Namor Rumors Resurface

Namor Rumors Resurface



FB@ The Comic Blog

The Namor rumors have returned thanks in large part to a blurry screenshot of supposedly leaked concept art. Take that for what it’s worth, but it is fueling a new round of Namor collecting.

This could be much ado about nothing, but where’s the fun in that? The news circulating social media is that Marvel is indeed bringing the Submariner into the MCU. Take this with a grain of salt as the source of the speculation is a grainy piece of supposed concept art for the Black Panther sequel, Wakanda Forever. Although the details are intentionally sketchy, the figure who appears to be dressed in green underwear with gold bracelets and shoulder guard does vaguely look like Namor.

A blurred image that is unconfirmed concept art does not amount to much. Then again, many of those Marvel rumors and “leaks” (I use quotations here because you can’t convince me that anything sneaks its way off the set without Marvel and Disney knowing about it) have panned out. Three Spider-Men, Daredevil, and the Green Goblin in No Way Home? Confirmed. The Illuminati in Multiverse of Madness? Done. Mister Fantastic, Black Bolt, and Professor X in the Illuminati? Affirmative. The speculation track record is improving, which makes us take more notice of the latest gossip.

What adds validity to the supposed Namor image is another rumor. Just last year, word spread that Marvel Studios had found its Submariner in Tenoch Huerta, star of the streaming series, Narcos. While nothing came of the casting rumor, Marvel didn’t deny it, either. Put the concept art with the Huerta casting, and many bloggers are taking the gossip as facts.

Granted nothing has been made official on the Namor situation, let’s assume Huerta is the MCU’s Submariner. Like the infinite branching timelines of the Multiverse, that possible casting has created a new theory. In the comics, Namor’s origin is tied to the sunken island of Atlantis of Greek mythology. Given Huerta’s Latin heritage, there is speculation that Marvel is changing the story for the big screen. Instead of Atlantis, Namor’s undersea kingdom will be traced to Ancient Mayan mythology and a similar story of an island city that was dragged to the ocean depths.

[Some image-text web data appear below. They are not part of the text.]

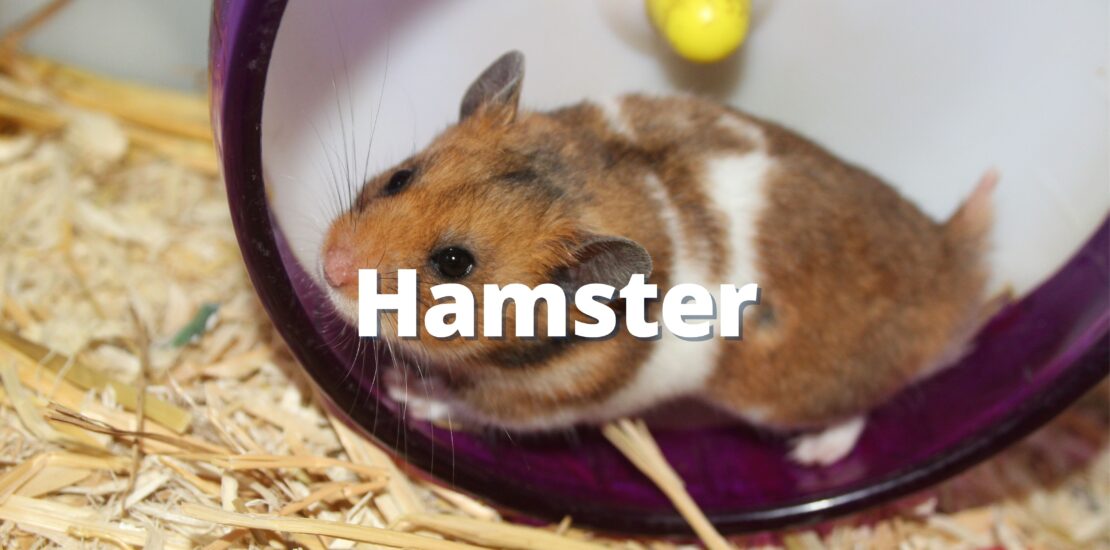 Hamster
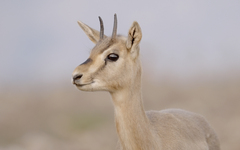 Mountain Gazelle photo 2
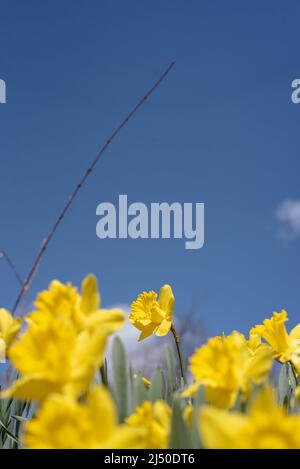 Jonquilles photographiés contre un ciel bleu vif. Banque D'Images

Before anyone cries foul and complains of “woke” culture, this change could be a way for Marvel to make its undersea champion different from DC’s Aquaman. The two characters follow a very similar trajectory with both being half-human heirs to the Atlantean throne. Since DC beat Marvel to the punch for once, Disney may want a character unique to the MCU who wouldn’t be viewed as a copycat by the casual, non-comic-reading moviegoer. By utilizing a comparable story from a different part of the world, it allows Marvel to accomplish just that. As we saw in Moon Knight, they’re also looking to establish other world mythologies in the MCU. Giving Namor a Mayan origin adds a new mythology to the lineup that already features Norse, Egyptian, and Greek. We’ve already seen Zeus and Bast in the Love and Thunder trailers. Who’s to say we won’t see someone of Mayan origin as well?


Marvel’s King of Atlantis is one of the company’s oldest characters, introduced way back in 1939 under the publisher’s predecessor, Timely Comics. His first appearance and origin story were reprinted for the holy grail of keys, Marvel Comics #1. He’s only a year younger than the timeless Superman, and he was created the same year as Batman. Over his 83 years in comics, he’s never been featured in live action. 

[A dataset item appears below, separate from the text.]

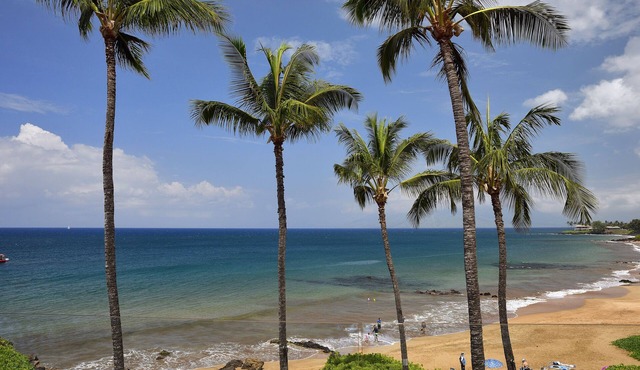 Beachfront Condo E 303/Incredible views/Pickleball/Great Snorkeling in Kihei
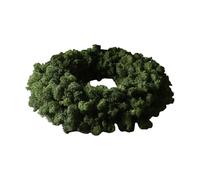 Botané Couronne de mousse Moss Wreath Green. Ø40 cm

The story goes that his television and movie rights are complicated. Like many of Marvel’s intellectual properties, the Submariner’s rights were sold during the company’s many years of financial woes. Since then, reports have circulated that Marvel wanted a Namor movie from the beginning of the MCU. The problem was the complicated IP rights, which the studio has been attempting to traverse ever since. However, Feige left fans with hope, saying that he believed a deal would be reached someday.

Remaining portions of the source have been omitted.